After three months of verbal sparring, Floyd Mayweather Jr. and Oscar De La Hoya are just about ready to shut up and fight.
Mayweather, boxing's best pound-for-pound fighter and De La Hoya, its most popular champion, said little to spark controversy or antagonize each other on Wednesday at the largest media gathering before their fight for De La Hoya's WBC 154 pound (70-kilogram) title on Saturday.
"I think I'm out of words," De La Hoya said at the MGM Grand Hotel and Casino. "There really isn't much more to say. There's only one thing left to talk about, and that's the result."
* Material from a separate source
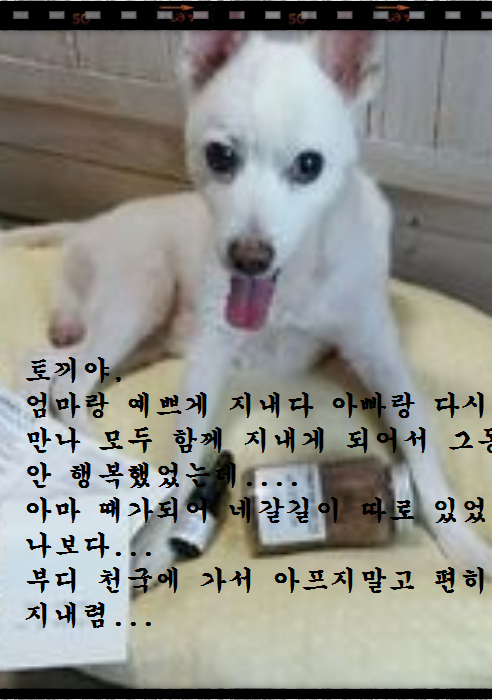 토끼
That hasn't been the case during the colorful buildup to fight week. The innovative promotions for boxing's most anticipated fight in a half-decade included a widely praised HBO reality show, popular videos distributed on YouTube, and an all-out blitz on every other media format.
After Mayweather (37-0, 24 KOs) taunted and threatened De La Hoya - and hung a replica of the Golden Boy's Olympic gold medal around a chicken's neck - during their 11-city promotional tour, the fighters' Las Vegas extravaganza was decidedly muted. Mayweather said only a few words on the dais, and De La Hoya (38-4, 30 KOs) was equally brief.
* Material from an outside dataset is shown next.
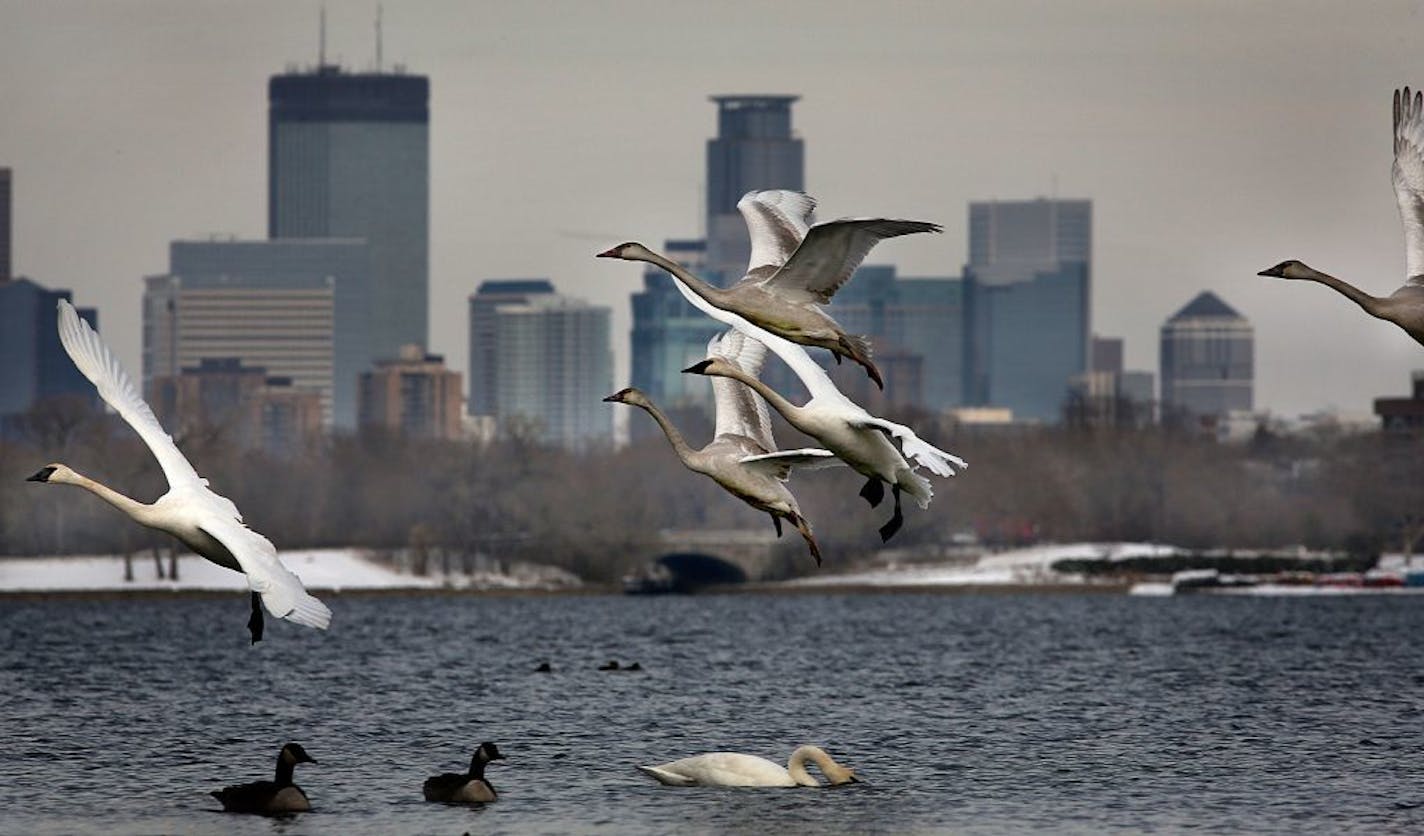 A flock swans gracefully landed in the shadow of the Minneapolis skyline on Lake Calhoun.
"I'm hungry, I know what it takes and I'm ready to go out there and die in the ring," said Mayweather, who wore $1 million (EURO740,000) in diamond jewelry.
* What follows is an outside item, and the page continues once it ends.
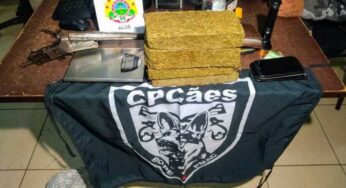 Polícia prende homens acusados de portarem 3 quilos de maconha, uma escopeta e animais silvestres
The only vintage trash-talking came from Roger Mayweather, Floyd's uncle and trainer, who attacked the fighting credentials of Freddie Roach, De La Hoya's respected trainer. Roach didn't acknowledge Roger Mayweather's jabs with a reply.
"Don't miss this one. It might not be too long," Roach said.
Though Mayweather claims to see fear in De La Hoya's eyes, both fighters seemed calm and comfortable. Those feelings could be due to their eight-figure paydays for what could end up being the most lucrative fight in boxing history.
Richard Schaefer, the chief executive of De La Hoya's Golden Boy Promotions, said the MGM Grand Garden Arena already has sold each of its 16,200 seats, and six casinos on the Las Vegas Strip already have combined to sell 15,700 seats at closed-circuit viewing parties for the mass of boxing fans heading to town this weekend.
Though both fighters seemed mellow, both realize a portion of their legacies hang on the outcome. Both have intimated it might be their last fights, though Mayweather said he would be open to a rematch depending on the outcome.
"I've got a lot of money. I'm fine," Mayweather said. "I wasn't chasing fame, and I wasn't chasing money. I was chasing respect, and going out as a legend."